FIG. 5 is a cross-sectional view of a third one of the circumferential planes taken along lines 5--5 of FIG. 2.
FIG. 6 is a cross-sectional view of an insulating ring taken along lines 6--6 of FIG. 2.
FIG. 7 is a cross-sectional view of a refractory break taken along lines 7--7 of FIG. 2.
FIG. 8 is a schematic view in partial cross section of an alternative embodiment of the heat exchanger portion of the mold of FIG. 2.
FIG. 9 is a schematic view in partial cross section of another alternative embodiment of the heat exchanger portion of the mold of FIG. 2.
In the background of this application, there have been described a number of techniques which may be used to form semi-solid thixotropic metal slurries for use in slurry casting. Slurry casting as the term is used herein refers to the formation of a semi-solid thixotropic metal slurry directly from the liquid into a desired structure, such as a billet for later processing, or a die casting formed from the slurry.
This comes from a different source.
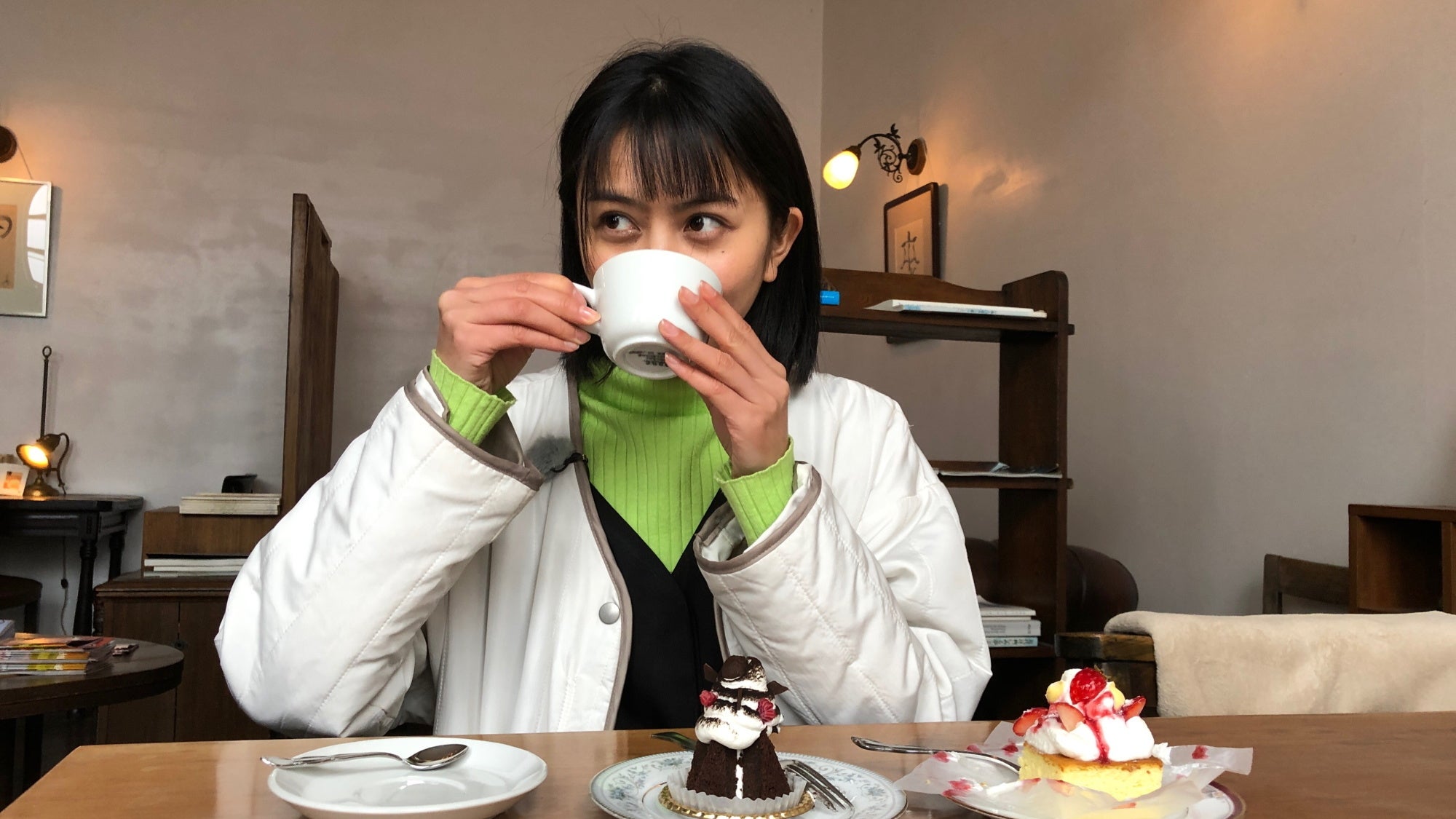 「東北さんぽ」旅チャンネル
The metal composition of a thixotropic slurry comprises islands of primary solid discrete particles enveloped by a solute-rich matrix. The matrix is solid when the metal composition is fully solidified and is a quasi-liquid when the metal composition is a partially solid and partially liquid slurry. The primary solid particles comprise degenerate dendrites or nodules which are generally spheroidal in shape. The primary solid particles are made of a single phase or a plurality of phases having an average composition different from the average composition of the surrounding matrix in the fully solidified alloy. The matrix itself can comprise one or more phases upon further solidification.
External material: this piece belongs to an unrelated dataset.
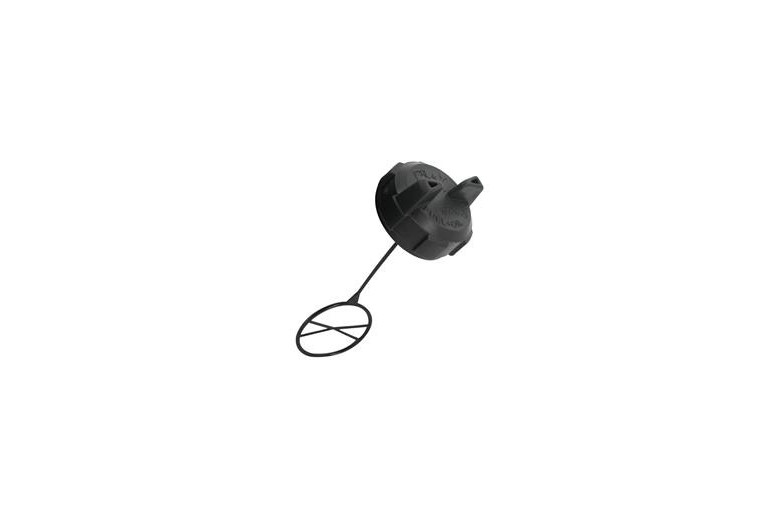 Coperchio Del Serbatoio Compl. - 574227102 - Originale McCulloch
Conventionally solidified alloys have branched dendrites which develop interconnected networks as the temperature is reduced and the weight fraction of solid increases. In contrast, thixotropic metal slurries consist of discrete primary degenerate dendrite particles separated from each other by a qausi-liquid metal matrix potentially up to solid fractions of 95 weight percent. The primary solid particles are degenerate dendrites in that they are characterized by smoother surfaces and a less branched structure than normal dendrites, approaching a spheroidal configuration. The surrounding solid matrix formed during solidification of the liquid matrix subsequent to the formation of the primary solids contains one or more phases of the type which would be obtained during solidification of the liquid alloy in a more conventional process. The surrounding solid matrix comprises dendrites, single or multi-phase compounds, solid solution, or mixtures of dendrites, and/or compounds, and/or solid solutions.
The process and apparatus of the instant invention are readily adaptable to a wide range of materials including but not limited to aluminum and its alloys, copper and its alloys, and iron and its alloys.
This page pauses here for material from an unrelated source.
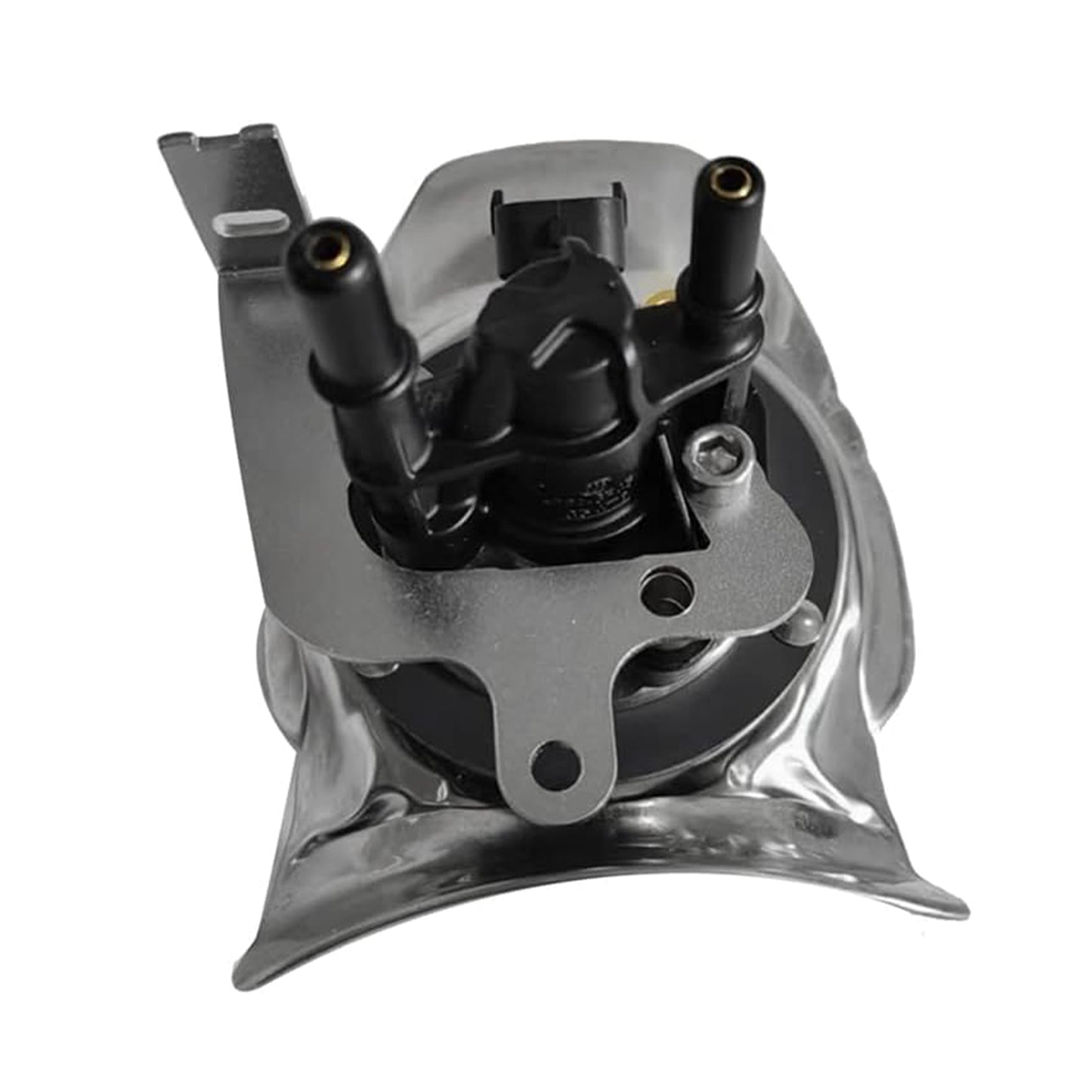 Volvo for Renault Truck 21738138 0444023019 Urea Injection Dosing Module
Referring to FIG. 1, an apparatus 10 for continuously or semi-continuously slurry casting thixotropic metal slurries is shown. The cylindrical mold 12 is adpated for such continuous or semi-continuous slurry casting. The mold 12 is preferably constructed in a manner to be described hereinafter.
Mold 12 is preferably cylindrical in nature. The apparatus 10 is particularly adapted for making cylindrical ingots utilizing a conventional two-pole polyphase induction motor stator for stirring. However, it is not limited to the formation of a cylindrical ingot cross section since it is possible to achieve transversely or circumferentially moving magnetic fields with a non-circular tubular mold arrangement not shown.
The molten material is supplied to mold 12 through supply system 16. The molten material supply system comprises the partially shown furnace 18, trough 20, molten material flow control system or valve 22, downspout 24 and tundish 26. Control system 22 controls the flow of molten material from trough 20 through downspout 24 into tundish 26. Control system 22 also controls the height of the molten material in tundish 26. Alternatively molten material may be supplied directly through furnace 18 into tundish 26. The molten material exits from tundish 26 horizontally via conduit 28 which is in direct communication with the inlet to casting mold 12.
Solidifying casting or ingot 30 is withdrawn from mold 12 by a withdrawal mechanism 32. The withdrawal mechanism 32 provides the drive to the casting or ingot 30 for withdrawing it from the mold section. The flow rate of molten material into mold 12 is controlled by the extraction of casting or ingot 30. Any suitable conventional arrangement may be utilized for withdrawal mechanism 32.
In order to provide a means for stirring a molten metal within the mold 12 to form the desired thixotropic slurry, a two-pole multi-phase induction motor stator 52 is arranged surrounding the mold 12. The stator 52 is comprised of iron laminations 54 about which the desired windings 56 are arranged in a conventional manner to preferably provide a three-phase induction motor stator. The motor stator 52 is mounted within the motor housing M. Although any suitable means for providing power and current at different frequencies and magnitudes may be used, power and current are preferably supplied to stator 52 by a variable frequency generator 58. The motor stator 52 is arranged concentrically about the axis 60 of the mold 12 and the casting 30 formed within it.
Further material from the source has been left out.